Branwyn: The Merino Revolution in Women’s Performance

Branwyn is a women-led brand redefining what performance fabric can be, built around a proprietary PowerSpun Merino wool blend that eliminates the itch and delivers breathability, temperature regulation, and moisture management that synthetic alternatives struggle to replicate simultaneously. The brand’s Essential Compressive Shorts and Racerback Bra are two of the most discussed pieces in sustainable activewear in 2026 — supportive and durable, better suited to yoga and low-to-mid impact workouts than high-intensity training, but exceptional in their category. Branwyn uses OEKO-TEX and Woolmark certified yarns free from BPA and PFAS — a meaningful distinction in a market where synthetic fabrics are frequently treated with toxic performance chemicals. All garments are designed by women, for women, with traceability from farm to finished product.

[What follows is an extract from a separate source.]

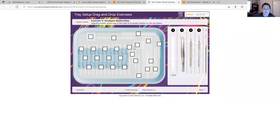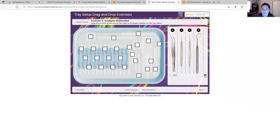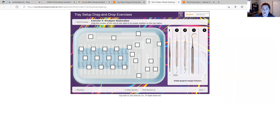So of course this is your tray and over here is what you'll need for the procedure. These are all different types of instruments. And if you put your mouse over them, it tells you the name of it, which is fantastic.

Set Active: Trend-Literate Without Sacrificing Function

Set Active has found its audience among women who want activewear that keeps pace with fashion without sacrificing functional credibility. The brand is equal parts trendy, versatile, and comfortable — its Formcloud Cloud Training Bra, Airluxe Breathe High-Rise Leggings, and Formcloud Cloud Pipe Shorts are standout pieces across sweat sessions and recovery days. The brand’s colour palette is consistently well-curated and seasonally responsive, making it one of the first places fashion-conscious active women look when refreshing their gym wardrobe in 2026.

Varley: Luxury Athleisure Done Properly

Founded by Lara and Ben Mead after meeting while training for the London Marathon, Varley is built around the idea that active clothing should be as beautiful as it is functional. Quality fabrics, warm tones, and relaxed silhouettes define the collection, with sweatshirts, joggers, and sports sets that lean into elegance without losing performance credentials. Varley occupies the premium end of the athleisure market — pieces that justify their price through longevity of design and fabric quality rather than trend cycles. For women who want their gym wardrobe to serve them for years rather than seasons, it is one of the most considered options available.

What to Look For in 2026

The standout activewear market trend in 2026 is smarter construction — greater versatility and apparel that moves effortlessly from performance to everyday wear. In practical terms, this means four-way stretch fabrics, flatlock seams that don’t chafe, high-waisted cuts with non-rolling waistbands, and built-in storage that doesn’t interrupt the silhouette. Breathability is increasingly assessed against PFAS-free standards — meaning the moisture-wicking performance comes from fabric construction rather than chemical treatment — which is both a health and an environmental improvement over earlier generations of performance fabric.

The brands that have earned their position in 2026 have done so by solving the same problem from different angles: how to make clothing that genuinely performs under physical demand and genuinely looks good outside the gym. The options above solve it in different ways, at different price points, for different activity priorities — and across all of them, the quality-to-wear experience is as high as it has ever been.